• Task instructions
Restate word for word every line from the top of the data below down through the line that holds "AK Parti Muğla’da".

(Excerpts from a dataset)
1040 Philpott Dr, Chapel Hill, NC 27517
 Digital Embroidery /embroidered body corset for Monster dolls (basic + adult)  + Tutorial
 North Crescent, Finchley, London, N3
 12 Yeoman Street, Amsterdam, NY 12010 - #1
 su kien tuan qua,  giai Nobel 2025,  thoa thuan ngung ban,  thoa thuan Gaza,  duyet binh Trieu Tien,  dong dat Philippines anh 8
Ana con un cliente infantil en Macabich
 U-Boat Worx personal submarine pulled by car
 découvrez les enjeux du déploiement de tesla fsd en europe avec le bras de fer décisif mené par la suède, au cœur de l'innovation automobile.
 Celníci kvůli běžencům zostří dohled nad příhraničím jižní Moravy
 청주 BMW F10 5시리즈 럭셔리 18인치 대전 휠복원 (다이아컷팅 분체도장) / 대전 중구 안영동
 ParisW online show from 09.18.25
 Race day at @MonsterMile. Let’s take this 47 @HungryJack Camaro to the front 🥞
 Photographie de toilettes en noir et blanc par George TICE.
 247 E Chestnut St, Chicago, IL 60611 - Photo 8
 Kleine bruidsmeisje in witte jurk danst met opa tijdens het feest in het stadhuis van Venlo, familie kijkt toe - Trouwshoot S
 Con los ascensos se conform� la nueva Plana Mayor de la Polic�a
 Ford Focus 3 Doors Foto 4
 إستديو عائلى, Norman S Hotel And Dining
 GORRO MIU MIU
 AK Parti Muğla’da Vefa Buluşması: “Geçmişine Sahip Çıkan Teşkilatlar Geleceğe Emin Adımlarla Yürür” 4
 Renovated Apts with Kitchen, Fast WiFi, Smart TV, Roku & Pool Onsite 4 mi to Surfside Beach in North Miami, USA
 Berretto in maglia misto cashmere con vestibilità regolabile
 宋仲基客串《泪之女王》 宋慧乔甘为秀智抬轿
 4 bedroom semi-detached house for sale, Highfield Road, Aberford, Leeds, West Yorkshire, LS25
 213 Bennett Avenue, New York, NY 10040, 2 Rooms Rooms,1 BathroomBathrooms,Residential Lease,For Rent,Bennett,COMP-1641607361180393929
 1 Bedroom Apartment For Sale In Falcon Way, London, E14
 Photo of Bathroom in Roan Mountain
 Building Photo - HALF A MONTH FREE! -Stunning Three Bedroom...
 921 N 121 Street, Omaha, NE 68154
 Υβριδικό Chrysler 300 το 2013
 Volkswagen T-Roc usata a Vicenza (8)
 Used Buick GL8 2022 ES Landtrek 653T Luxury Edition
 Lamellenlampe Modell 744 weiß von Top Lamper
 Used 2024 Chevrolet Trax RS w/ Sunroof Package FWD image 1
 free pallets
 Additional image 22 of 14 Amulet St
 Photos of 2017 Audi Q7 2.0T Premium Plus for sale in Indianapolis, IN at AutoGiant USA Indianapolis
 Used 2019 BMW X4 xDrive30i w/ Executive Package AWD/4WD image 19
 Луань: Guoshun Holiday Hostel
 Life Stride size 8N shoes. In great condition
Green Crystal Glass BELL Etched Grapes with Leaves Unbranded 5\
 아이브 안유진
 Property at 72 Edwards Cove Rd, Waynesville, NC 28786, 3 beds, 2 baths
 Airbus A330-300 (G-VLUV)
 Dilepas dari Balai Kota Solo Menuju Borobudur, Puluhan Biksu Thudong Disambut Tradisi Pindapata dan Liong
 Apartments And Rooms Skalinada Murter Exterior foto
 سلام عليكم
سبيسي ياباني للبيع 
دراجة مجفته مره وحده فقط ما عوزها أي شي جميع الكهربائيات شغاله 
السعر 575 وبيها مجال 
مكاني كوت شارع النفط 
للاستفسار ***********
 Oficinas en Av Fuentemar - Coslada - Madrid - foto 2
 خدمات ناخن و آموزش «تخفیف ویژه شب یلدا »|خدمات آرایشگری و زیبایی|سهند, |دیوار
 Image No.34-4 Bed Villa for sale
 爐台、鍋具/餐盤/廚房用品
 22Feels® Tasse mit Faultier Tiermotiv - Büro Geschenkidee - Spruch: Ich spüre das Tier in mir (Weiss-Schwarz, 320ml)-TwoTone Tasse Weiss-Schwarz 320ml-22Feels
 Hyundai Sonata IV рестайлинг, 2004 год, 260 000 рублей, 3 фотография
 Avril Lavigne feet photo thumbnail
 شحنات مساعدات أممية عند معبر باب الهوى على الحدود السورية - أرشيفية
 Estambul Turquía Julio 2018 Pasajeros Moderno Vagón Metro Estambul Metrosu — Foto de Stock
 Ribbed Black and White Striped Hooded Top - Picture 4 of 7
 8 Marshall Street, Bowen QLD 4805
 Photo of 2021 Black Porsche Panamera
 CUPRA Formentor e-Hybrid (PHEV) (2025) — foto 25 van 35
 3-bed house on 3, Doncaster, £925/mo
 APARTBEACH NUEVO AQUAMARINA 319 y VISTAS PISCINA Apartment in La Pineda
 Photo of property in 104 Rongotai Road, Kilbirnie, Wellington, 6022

• Answer section
1040 Philpott Dr, Chapel Hill, NC 27517
 Digital Embroidery /embroidered body corset for Monster dolls (basic + adult)  + Tutorial
 North Crescent, Finchley, London, N3
 12 Yeoman Street, Amsterdam, NY 12010 - #1
 su kien tuan qua,  giai Nobel 2025,  thoa thuan ngung ban,  thoa thuan Gaza,  duyet binh Trieu Tien,  dong dat Philippines anh 8
Ana con un cliente infantil en Macabich
 U-Boat Worx personal submarine pulled by car
 découvrez les enjeux du déploiement de tesla fsd en europe avec le bras de fer décisif mené par la suède, au cœur de l'innovation automobile.
 Celníci kvůli běžencům zostří dohled nad příhraničím jižní Moravy
 청주 BMW F10 5시리즈 럭셔리 18인치 대전 휠복원 (다이아컷팅 분체도장) / 대전 중구 안영동
 ParisW online show from 09.18.25
 Race day at @MonsterMile. Let’s take this 47 @HungryJack Camaro to the front 🥞
 Photographie de toilettes en noir et blanc par George TICE.
 247 E Chestnut St, Chicago, IL 60611 - Photo 8
 Kleine bruidsmeisje in witte jurk danst met opa tijdens het feest in het stadhuis van Venlo, familie kijkt toe - Trouwshoot S
 Con los ascensos se conform� la nueva Plana Mayor de la Polic�a
 Ford Focus 3 Doors Foto 4
 إستديو عائلى, Norman S Hotel And Dining
 GORRO MIU MIU
 AK Parti Muğla’da Vefa Buluşması: “Geçmişine Sahip Çıkan Teşkilatlar Geleceğe Emin Adımlarla Yürür” 4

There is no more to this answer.